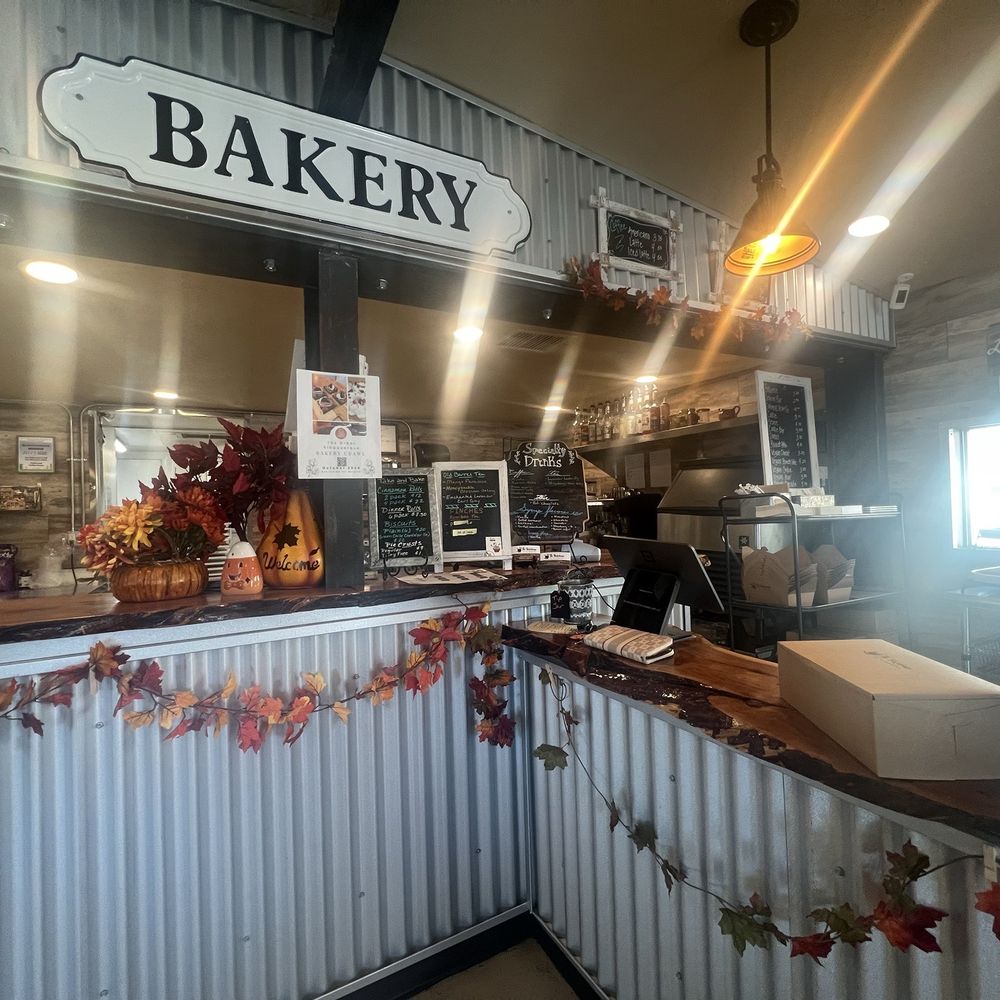 The Bakehouse off The Wheaten Path - Gluten-Free Near Me - Albuquerque, New Mexico The Bakehouse off The Wheaten Path - Gluten-Free Near Me - Albuquerque, New Mexico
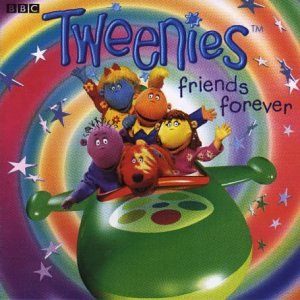 CD-Charts  Music : Tweenies - The Album: Friends Forever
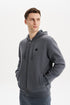 ARMA MAN ZIP HODIE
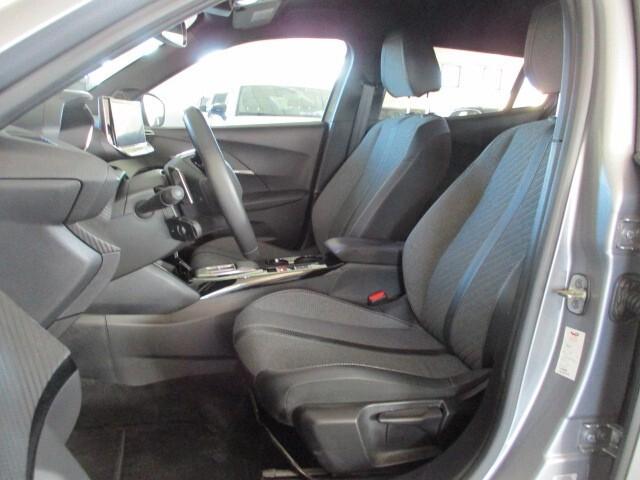 Peugeot 2008 BlueHDi 130 S&S EAT8 Allure
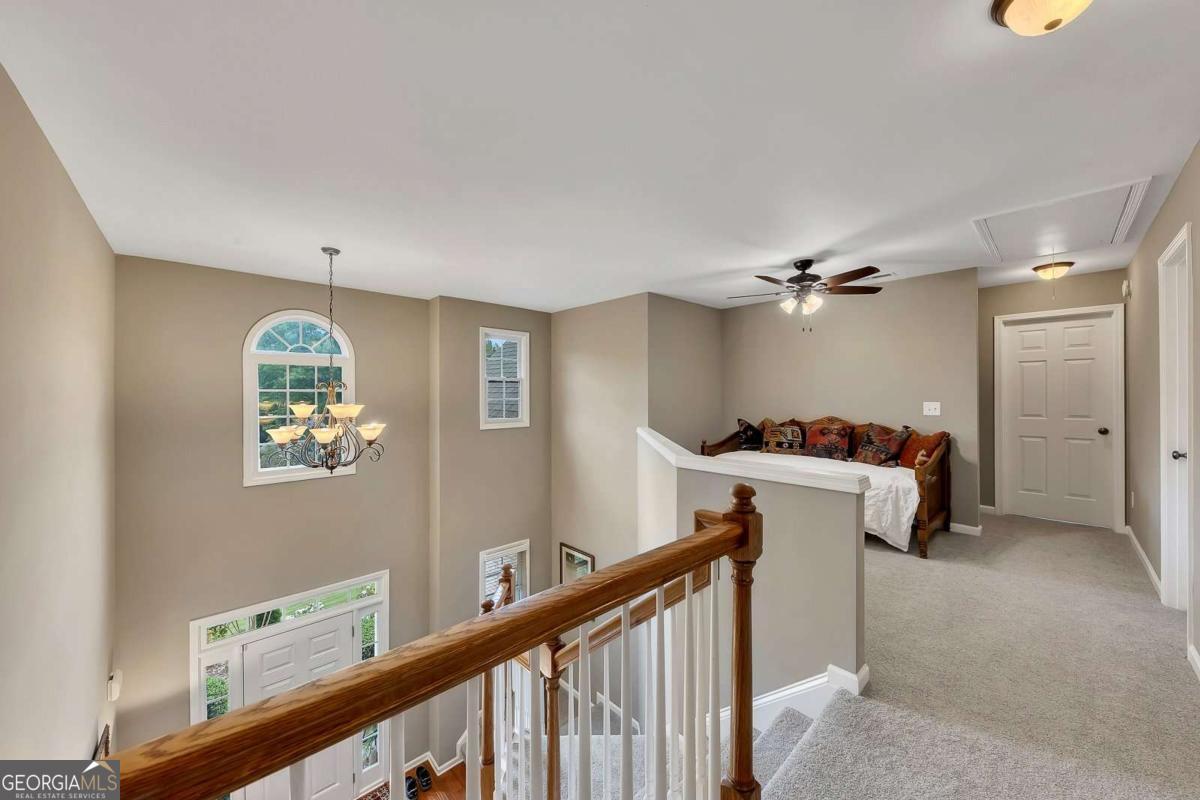 The Preserve at Etowah - Residential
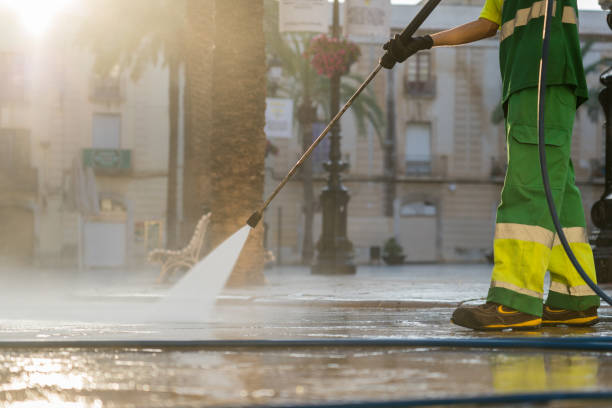 Best Sidewalk and Walkway Cleaning  in Woodruff, SC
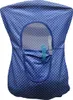Klammerschürze Klammerkleid Dederon Klammer Ostalgie, Produktbild-Vorschau 1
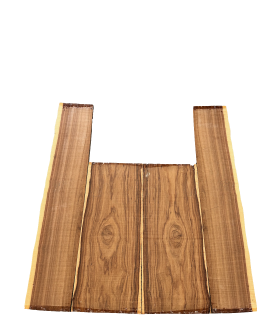 Mexikanisches Granadillo 47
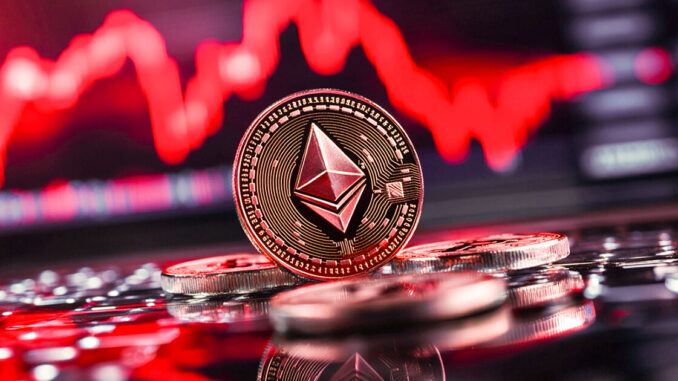 Two Prime drops Ethereum, labeling it a memecoin amid waning institutional interest
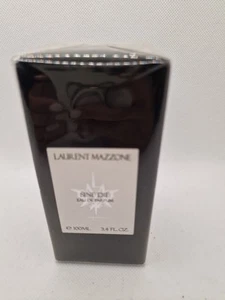 Laurent Mazzone Sine Die 100 ml EAU DE PARFUM New - Imagen 1 de 5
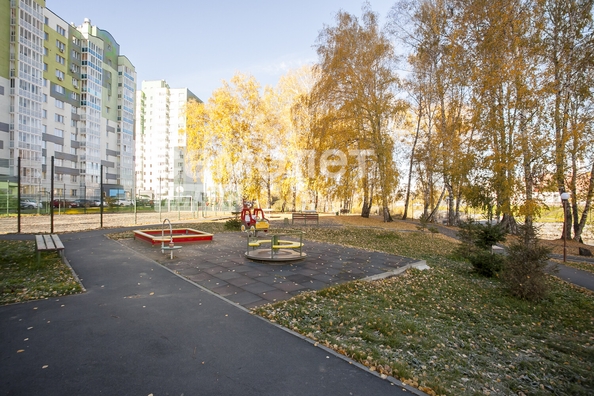 
  Продается 1-комн. квартира, 35.8 м², Молодежный пр-кт, д. 29А
. Фото 19.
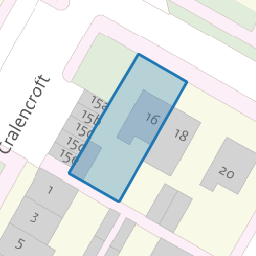 Perceel CTC00-C-1325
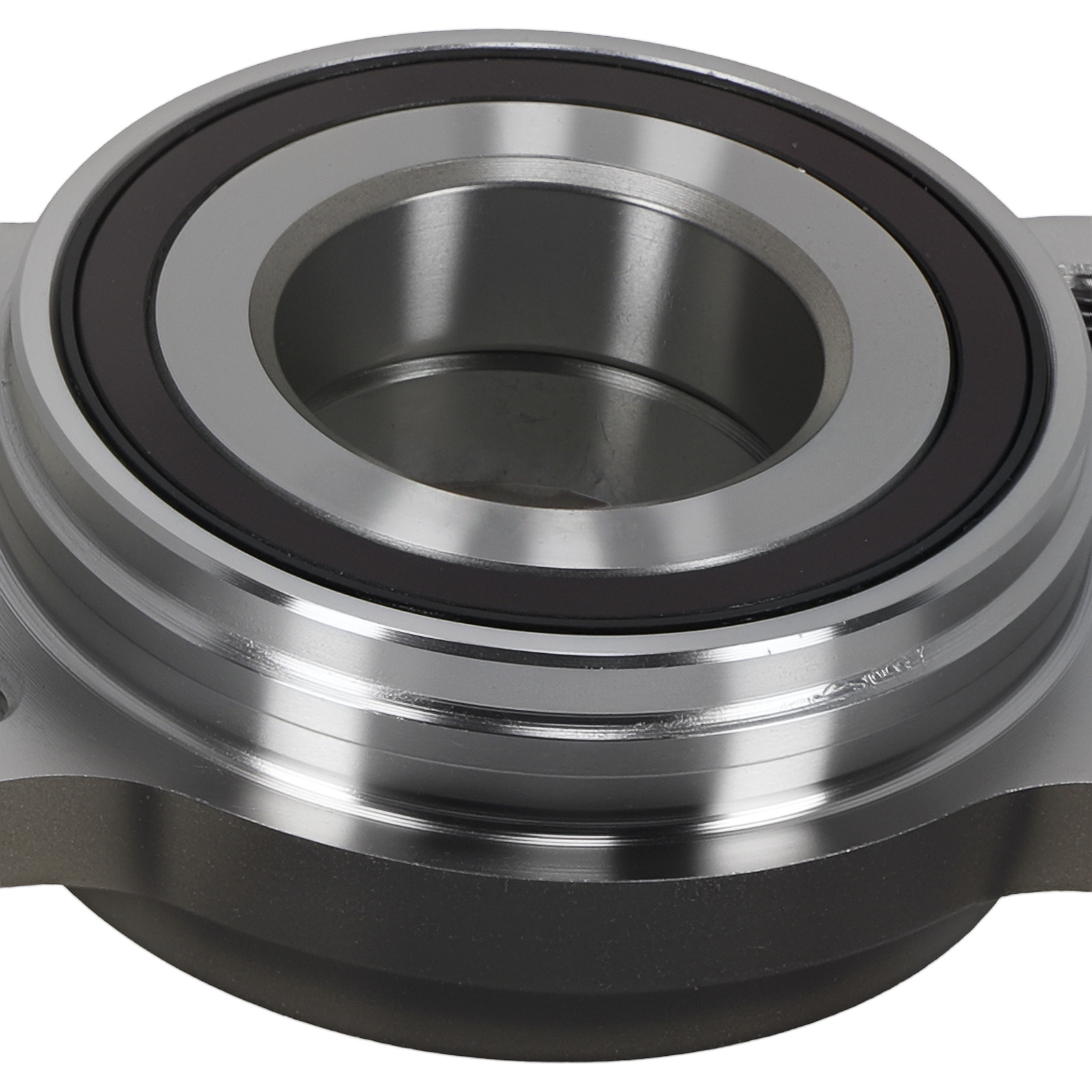 Front Left Right Wheel Bearing Hub for Audi S8 2007-2009 513227 4E0407625E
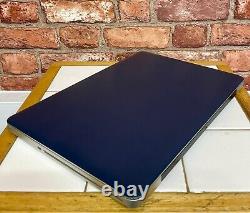 Apple MacBook Pro 13 Core i5 2.5GHz 16GB RAM 256GB HDD BLUE MS-Office & SEQUOIA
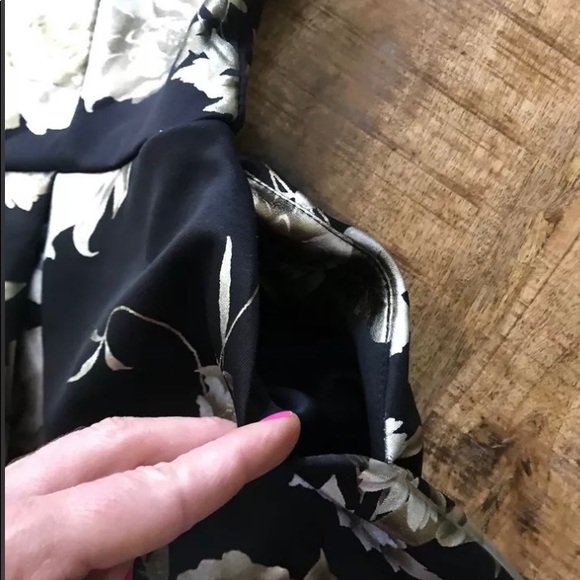 NWT Francesca’s Dress size XS 👗 - Picture 6 of 9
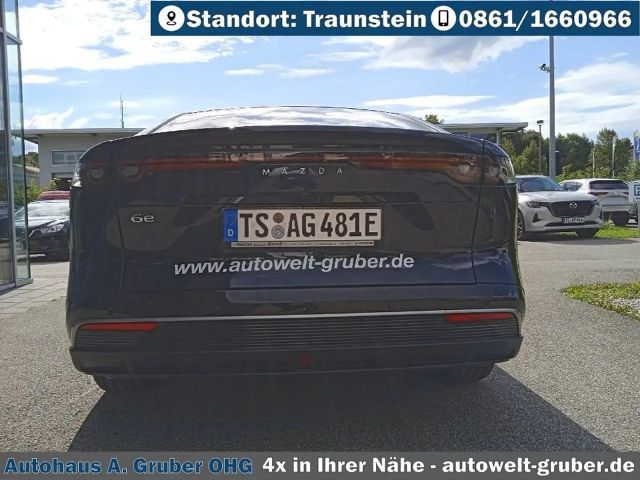 Mazda 6e Plus Takumi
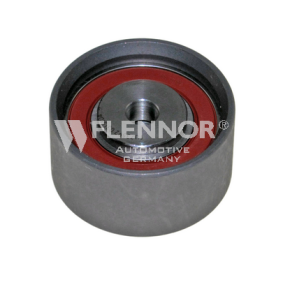 Comprar Polea de inversión y guía, correa de distribución de FLENNOR FU73592 a bajo precio de 18,43 €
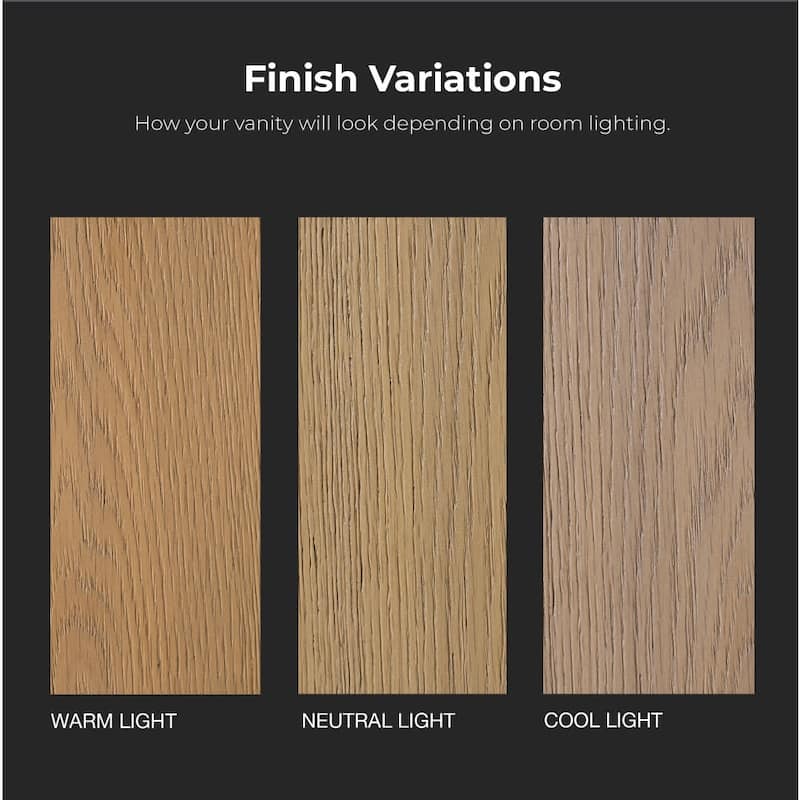 Ove Decors 15VVA-HIGH48 Salisbury 48" Free Standing Single Basin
══════════
__Task statement__. Repeat each line of the material exactly, and drop any image it carries.

__Answer space__.
 The Bakehouse off The Wheaten Path - Gluten-Free Near Me - Albuquerque, New Mexico The Bakehouse off The Wheaten Path - Gluten-Free Near Me - Albuquerque, New Mexico
 CD-Charts  Music : Tweenies - The Album: Friends Forever
 ARMA MAN ZIP HODIE
 Peugeot 2008 BlueHDi 130 S&S EAT8 Allure
 The Preserve at Etowah - Residential
 Best Sidewalk and Walkway Cleaning  in Woodruff, SC
Klammerschürze Klammerkleid Dederon Klammer Ostalgie, Produktbild-Vorschau 1
 Mexikanisches Granadillo 47
 Two Prime drops Ethereum, labeling it a memecoin amid waning institutional interest
 Laurent Mazzone Sine Die 100 ml EAU DE PARFUM New - Imagen 1 de 5
  Продается 1-комн. квартира, 35.8 м², Молодежный пр-кт, д. 29А
. Фото 19.
 Perceel CTC00-C-1325
 Front Left Right Wheel Bearing Hub for Audi S8 2007-2009 513227 4E0407625E
 Apple MacBook Pro 13 Core i5 2.5GHz 16GB RAM 256GB HDD BLUE MS-Office & SEQUOIA
 NWT Francesca’s Dress size XS 👗 - Picture 6 of 9
 Mazda 6e Plus Takumi
 Comprar Polea de inversión y guía, correa de distribución de FLENNOR FU73592 a bajo precio de 18,43 €
 Ove Decors 15VVA-HIGH48 Salisbury 48" Free Standing Single Basin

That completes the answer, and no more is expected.